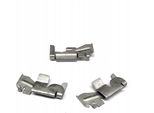 Volvo S80 V70 XC70 Clip Guarnizione Porta Anteriore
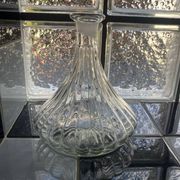 Vintage carafe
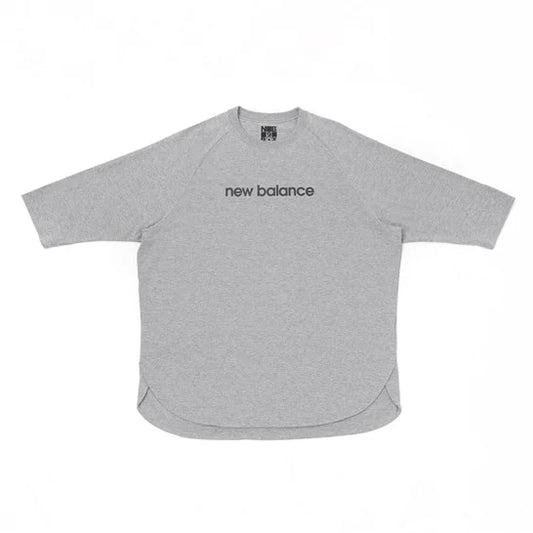 9BOX n.9 Oversize Raglan Tee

**WORK INSTRUCTIONS**: Without the pictures, repeat the listing exactly as it reads.

**WORKED SOLUTION**:
 Volvo S80 V70 XC70 Clip Guarnizione Porta Anteriore
 Vintage carafe
 9BOX n.9 Oversize Raglan Tee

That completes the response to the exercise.